The very thing I want to do, I often don’t, and what I’m trying not to do, I do.
And so enters grace.
It’s a season of stillness. Of in-betweens. Call it the calm before the storm or existing in a white noise tunnel but I’m finding there are two options: run as fast as I can to avoid uncomfortable tension brought about in the stillness, or succumb.
To become stillness’ pupil. To surrender. To trust there is a lesson here that can’t be learned if I escape or busy myself or start writing that second book (don’t laugh- my husband knows this is my temptation). I considered going back to school to become a librarian and then realized I really like talking and laughing. Loudly. So here I am – succumbing to stillness.
But it’s scary. How long will the stillness last? What emotions will I find there? When will the stillness end? Stillness is scary. Succumbing feels even scarier.
It reminds me of when my kids experience a hard day. A lost game. Tanner recently witnessed a boy in his class being bullied by another.

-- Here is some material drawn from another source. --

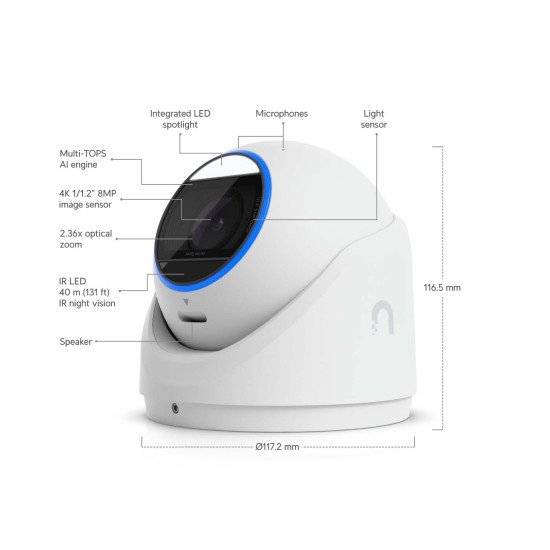 Cameră de supraveghere Turret 4K UniFi Ubiquiti G6 Pro PoE+, UVC-G6-Pro-Turret-W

Then his goldfish died and he bawled into Bry’s shoulder- big ol’ heaving sobs. And my go to was to fix it. To hurry the hard stuff along and escape the unavoidable feelings that surface in the middle of tension.

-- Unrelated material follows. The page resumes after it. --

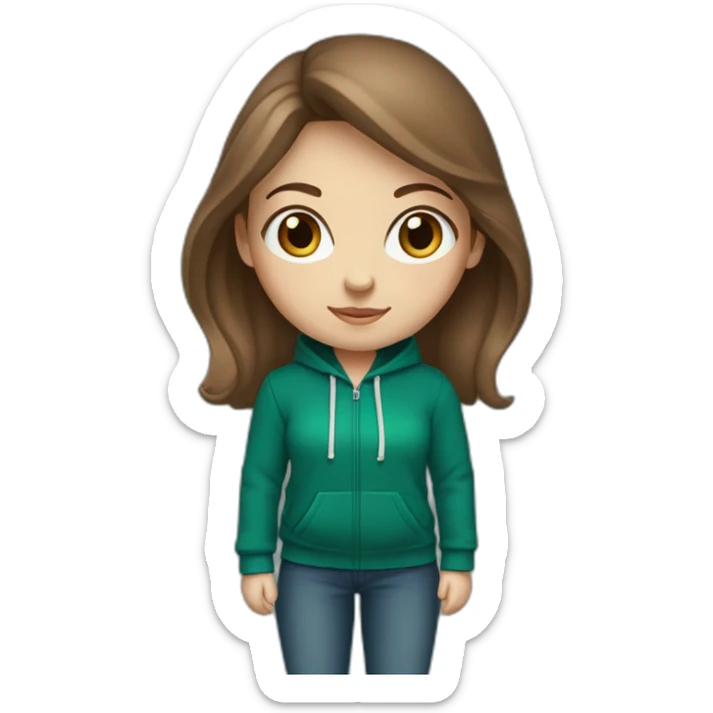 White girl with middle long brown hair and blue eyes wearing a darkgreen hoodie  sticker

It’s okay. You’ll win another game.
Just don’t hang out with that kid if he’s mean.
You can buy another fish.
See what happened though? I do that thing I don’t want to do. The thing I need the opposite of. The very thing I believe he craves is to have his tension validated. Tolerated. To plop ourselves right up in his discomfort and join him there. Ironically, I relate to our oldest. The sadness or confusion or angst that wells up inside when there is no answer or remedy or plan habitually invites something else to relieve the tension. Just make the hurt go away. Just get over it. Just try this….
I like to have plans. Checklists. Advice. But gosh, isn’t it so healing when we come alongside one another and just offer a hand or a hug or a hmmmm and allow that to be enough? Because underneath it’s still happening even if I try to move it along.
My sister in law Kristy called and offered the gift of words when I shared about succumbing to silence. Maybe you’re learning how to give yourself grace, she shared.
I think she’s on to something. Maybe by tolerating the tension of I don’t know or This is hard or There isn’t a clear answer lies a sacred hollow of something great. Maybe underneath all the stillness rests grace.